Hologram 22 is a projection hologram. That name recognizes the high
verisimilitude achieved by such holograms in re-creating images of three
dimensional objects in the space forward of the holograms themselves.
Projection holograms are characterized by producing or projecting real
images which exhibit full parallax and also by the particular procedure
typically used to make them. The term projects for the purposes of
describing and claiming the invention means creating an image which
appears to extend into and occupy space in front of the device creating
that image. It must be noted that the procedure used to prepare or make
such holograms can arbitrarily place the apparent position of projected
images with respect to the surface of the hologram itself. That is, the
image produced by the completed hologram can appear to be behind the
surface of the hologram or it can appear to straddle the hologram, with
the image extending into space both fore and aft of the hologram. Because
of that possibility or capability the term projects is further defined to
mean for the purposes of describing and claiming the invention creating an
image which appears to extend into and occupy space both fore and aft of
the hologram. Holograms having that capability are defined for the purpose
of describing the invention as projection holograms if and only if the
image which appears to be in front of the hologram exhibits full parallax.

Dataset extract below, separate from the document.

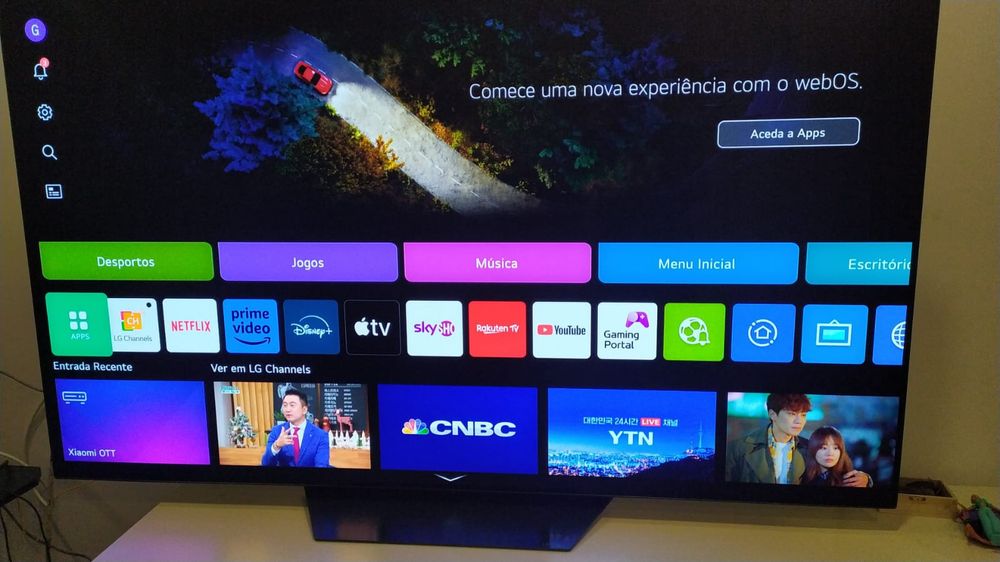 TV LG OLED 65 polegadas semi nova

It must be acknowledged that the above expanded definition of projection
hologram is not used by all holographers. The term projects, as both
narrowly and broadly defined for the purposes of describing and claiming
the invention is not restricted to producing images which exhibit full
parallax. A holographic image which appears to extend into and occupy
space both fore and aft of the hologram but does not exhibit full parallax
or appears to extend into and occupy space only in front of the hologram
and does not exhibit full parallax is an image which a hologram projects
as that term is used here. Hologram 22 is a projection hologram as broadly
defined here.
Alternative types of holograms can also be employed in the invention.

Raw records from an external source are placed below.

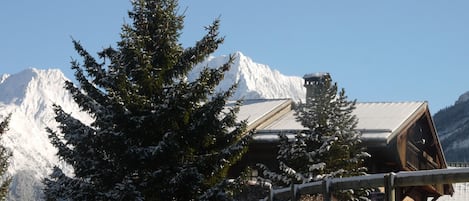 Blick vom Chalet L'Orbeye auf das Skigebiet Paradiski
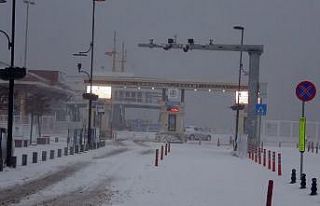 Çanakkale Boğazı 23 saat sonra gemi trafiğine...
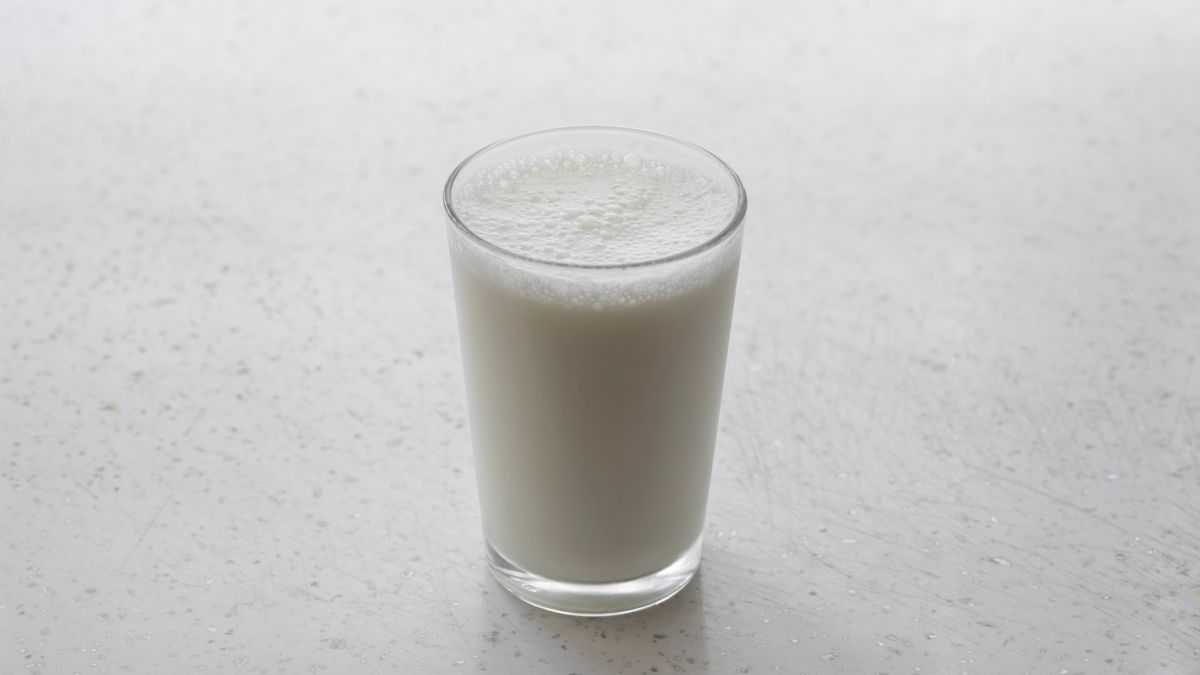 Ett glas mjölk på en ljus bänkskiva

Although holographic images which exhibit full parallax are most
effective, full parallax is closely approximated under most circumstances
by holograms which project images exhibiting partial parallax
(left-to-right but not above-to-below, for example). Holograms which
project images exhibiting partial parallax are the functional equivalent
of those which project images exhibiting full parallax. A device which
uses a hologram which projects images exhibiting partial parallax but
which is otherwise identical to the preferred embodiment of the invention
is an alternative embodiment of the invention. A device which uses a
hologram which projects images exhibiting partial parallax but which is
otherwise identical to an alternative embodiment of the invention is
itself an alternative embodiment of the invention.

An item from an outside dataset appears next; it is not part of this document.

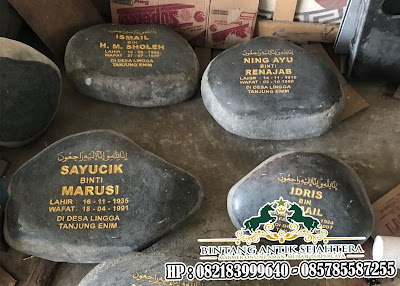 Batu Nisan Bandung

Holograms which project images exhibiting reversed parallax can be employed
in the invention. Devices which use holograms which project images
exhibiting reversed parallax but which are otherwise identical to the
preferred embodiment of the invention are alternative embodiments of the
invention. Devices which use holograms which project images exhibiting
reversed parallax but which are otherwise identical to an alternative
embodiment of the invention are themselves alternative embodiments of the
invention.
Holograms which have the characteristic of being able to project images,
whether those images exhibit full, partial, or reversed parallax, and
which have been made using alternative techniques should be classified on
the basis of those external characteristics and not on the basis of how
they were made. Accordingly, computer generated holograms which can
project images must be regarded as the functional equivalent of those made
by conventional means. Devices using such holograms which are otherwise
identical to the preferred embodiment of the invention, or to an
alternative embodiment of the invention are themselves alternative
embodiments of the invention.
An original projection hologram appropriately prepared can be mass produced
using embossing technology. The embossed holograms which are produced as
copies are also projection holograms.
Hologram 22 is lighted on the side opposite the side intended for viewing.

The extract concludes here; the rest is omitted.